= EXERCISE OBJECTIVE =
When you copy from the entries that follow, take only the lines from the one with "Used 2018 Honda Odyssey Touring image 6" down to the one with "Used 2007 Chevrolet", keeping both ends and dropping every picture.

= DATA EXTRACTS =

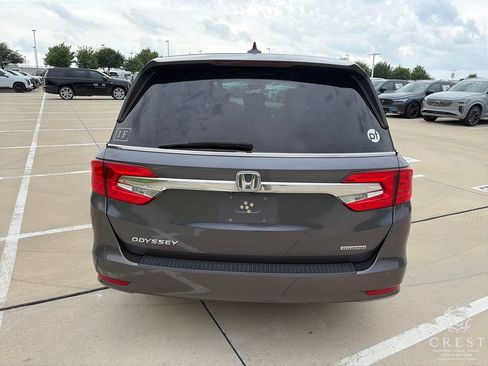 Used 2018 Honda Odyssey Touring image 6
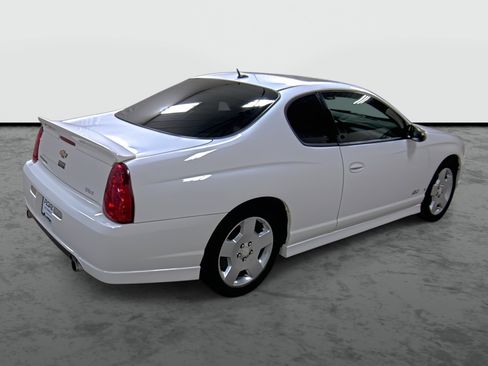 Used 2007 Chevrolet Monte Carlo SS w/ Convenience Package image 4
---
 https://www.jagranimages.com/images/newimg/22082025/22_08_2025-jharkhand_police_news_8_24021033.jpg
==
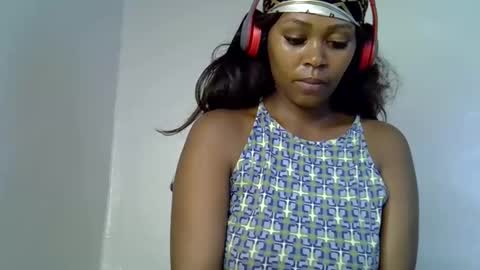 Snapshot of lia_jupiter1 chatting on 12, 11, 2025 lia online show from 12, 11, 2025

= THE ANSWER =
 Used 2018 Honda Odyssey Touring image 6
 Used 2007 Chevrolet Monte Carlo SS w/ Convenience Package image 4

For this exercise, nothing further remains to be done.